KINGSTON, Jamaica — It takes just 15 minutes to set up an underground church.
Two boxes and a white sheet make up the pulpit. The altar is a card table. Folding chairs constitute the pews. Then Rev. Robert Griffin, a solidly built gay American minister in his mid-40s, unpacks a battered cardboard box; inside is a wooden chalice, two candle holders, a communion plate and a dog-eared copy of the King James Bible. Add a pianist warming up on an electric keyboard and suddenly an empty meeting room is transformed into the Kingston branch of the Sunshine Cathedral, Jamaica’s only gay church.
“We call it church in a box,” said Griffin, who travels to Jamaica once a month from Florida to hold services for Jamaica’s gay community. He helped found this congregation five years ago after reading a Human Rights Watch report about institutionalized anti-gay violence in Jamaica.
“We were asked to come in to create a safe place for people — the gay and lesbian community — to come together and worship,” he said, explaining that the Sunshine Cathedral, with 147 active members organized into four branches around the island, is now an affiliate of his home denomination, the Metropolitan Community Churches. This gay-friendly church, founded in Los Angeles in 1968 by an enterprising Pentecostal minister in response to being defrocked for being gay, today serves as a focal point for congregations emerging around the world.

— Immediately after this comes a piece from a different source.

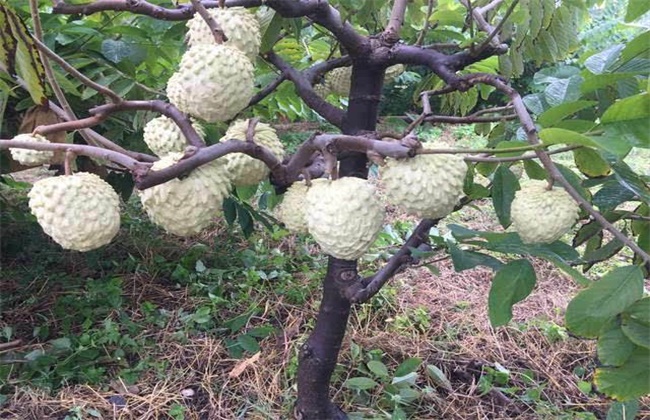 释迦果树种植方法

“We have to operate underground because of the hostility towards the gay and lesbian community here in Jamaica,” said Griffin, explaining that the location of this meeting is a closely held secret and that every service is arranged through word of mouth. “If it was known publicly where this congregation meets, I’m pretty sure there would be some type of violence toward the congregation.” Jamaica is a hostile place for gay men and women and homophobia is woven into the everyday fabric of society. To travel around Jamaica in a long-distance taxi or commuter vans is to be continuously assaulted by the throbbing lyrics of popular dancehall DJs calling for the killing of "battymen," as gay men are known here. Anti-gay attitudes are also embedded into the nation’s criminal codes and anyone convicted of the “abominable crime of buggery,” as anal sex is defined, can be sentenced to up to 10 years of hard labor. And while firm statistics detailing anti-gay assaults, beatings and murders are difficult to find — mostly because the police are as likely to harass a victim of a gay assault as they are to help — it seems that almost every member of Jamaica’s gay community that I encountered had at least one, if not several, personal horror stories to relate.
In just one packed afternoon, I met one woman who was shot several times by a gunman who shouted out “de lesbian fi dead” (the lesbian must die), as he pulled the trigger. One man told me his best friend was murdered, chopped into pieces with a machete, and had the skin flayed from his face; he then went on to relate how another gay friend was locked up in his parent’s house by a group of gunmen who then set the building on fire and burned him alive.
Then there was another congregant whose features appeared in video shot at a gay birthday party that became a black-market best seller after a copy was stolen and then released on the streets. He’s had to abandon his home twice, in two different cities, after neighbors saw the video, recognized him and made plans to kill him. And he’s one of the lucky ones, the man says, since he’s lived to tell the tale — unlike four other gay men he knows who had the misfortune to appeared in the video and were later hunted down and murdered.